Environment

We live in a richer, but environmentally poorer world: UN

While 44 of 140 countries are seeing their GDP rise, their inclusive wealth index is registering a decline

 
By DTE Staff
Last Updated: Tuesday 27 November 2018

Many countries lose their natural assets like water, clean air, forests and biodiversity. Credit: Getty ImagesThe inclusive wealth of one-third of the countries in the world has declined, but their gross domestic product (GDP) has increased, finds the Inclusive Wealth Report 2018 presented by the UN Environment and partners in Paris on Monday.

While GDP measures the size of a country’s economy, inclusive wealth index focuses on stocks of manufactured, human and natural capital. This means that 44 out of 140 countries are gaining wealth at the cost of environmental assets like water, clean air, forests and biodiversity. The inclusive wealth index is a tool assessing a nation’s ability to look after its wealth in a way that is sustainable and safeguards its future generations.

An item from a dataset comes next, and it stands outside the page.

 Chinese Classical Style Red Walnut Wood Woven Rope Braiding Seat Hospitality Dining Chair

This is after the recent Intergovernmental Panel on Climate Change (IPCC) report said that the world has just 12 years left to limit global warming to 1.5°C.

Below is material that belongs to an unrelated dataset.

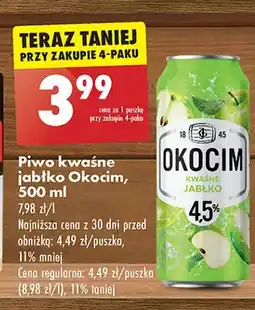 Biedronka Piwo Okocim Kwaśne Jabłko oferta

“The health of an economy is drawn from the health of the environment,” said Pushpam Kumar, senior economic advisor at UN Environment and coordinator of the report. “To make the right choices that will keep us on a sustainable path, we have to be able to properly measure our progress. This report will equip policy-makers with the right numbers, so that they can make the right decisions to deliver results for generations to come.”

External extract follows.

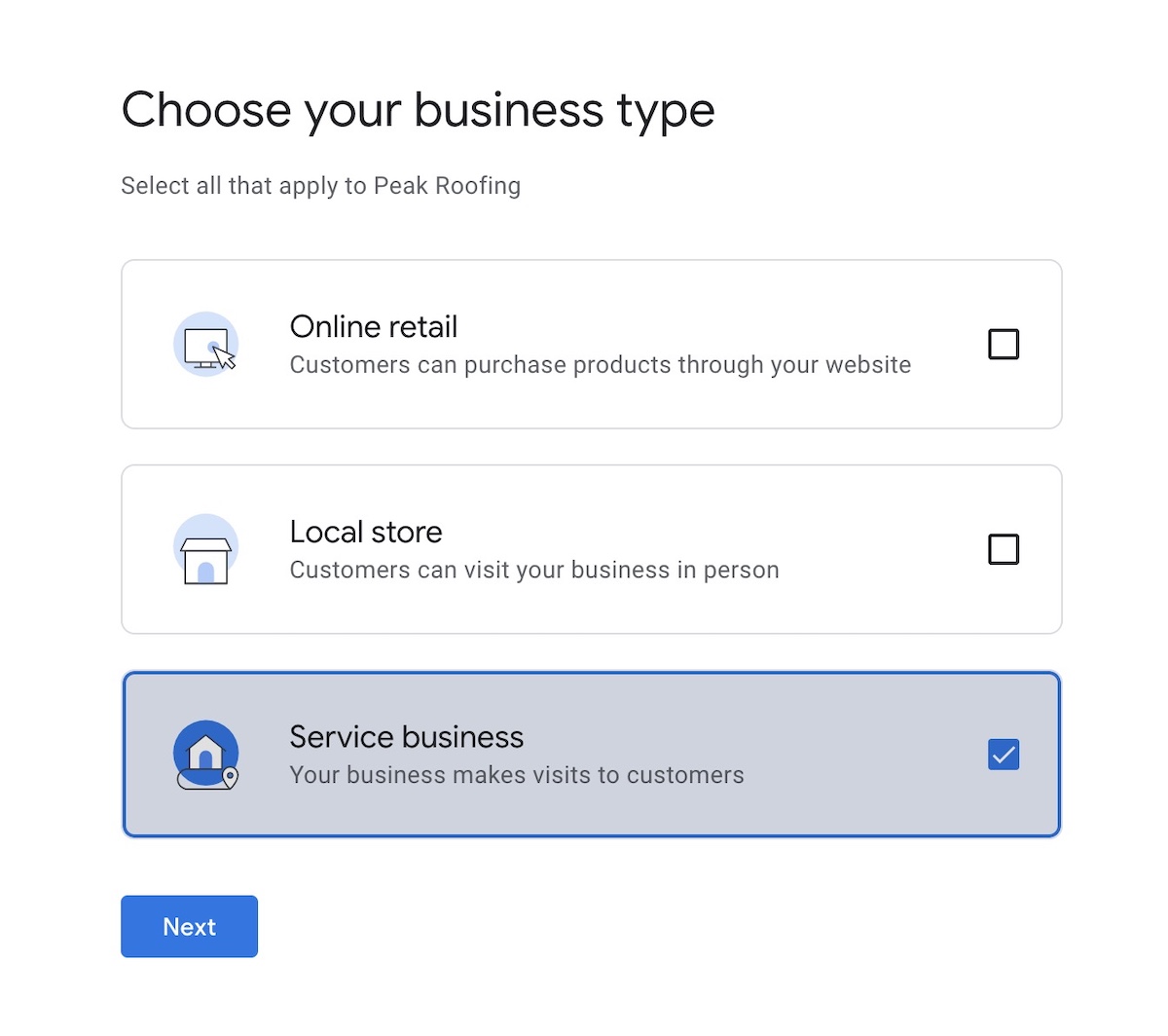 Example of setting up your Google Business Profile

The biennial report, which was curated by more 200 scientists from all over the world, finds The Republic of Korea, Singapore and Malta as the nations that have had the most economic growth. The report also revealed that carbon damage is relatively larger in high-income countries.

India too sails in the same boat, the Ministry of Statistics and Programme Implementation had said last month in a report on environment accounts. It had revealed that India’s economic growth took a toll on its natural assets like forests, food and clean air. It had added that when the average growth rate of gross state domestic product (GSDP) during 2005-15 for almost all the states was around 7-8 per cent, 11 states registered a decline in their natural capital.

These reports remind the world about how important sustainable use of natural resources is.